_Material shown_
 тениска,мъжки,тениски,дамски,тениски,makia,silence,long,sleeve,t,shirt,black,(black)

* * *

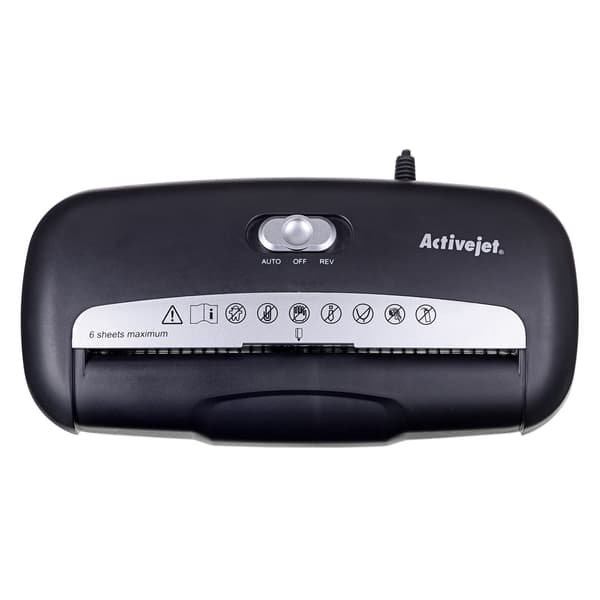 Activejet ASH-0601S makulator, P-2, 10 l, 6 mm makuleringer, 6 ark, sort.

...

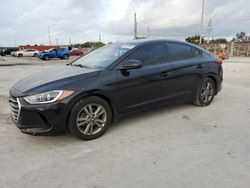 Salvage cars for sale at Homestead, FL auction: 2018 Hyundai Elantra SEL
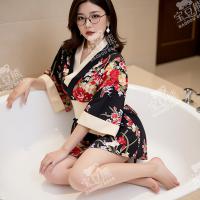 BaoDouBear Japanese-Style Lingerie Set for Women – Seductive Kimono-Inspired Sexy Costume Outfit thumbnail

_Exercise prompt_
From the data above, return exactly the lines from the one with "Salvage cars for" up to and including the one with "BaoDouBear Japanese-Style Lingerie". Pictures do not go in the copy.

_Task solution_
 Salvage cars for sale at Homestead, FL auction: 2018 Hyundai Elantra SEL
 BaoDouBear Japanese-Style Lingerie Set for Women – Seductive Kimono-Inspired Sexy Costume Outfit thumbnail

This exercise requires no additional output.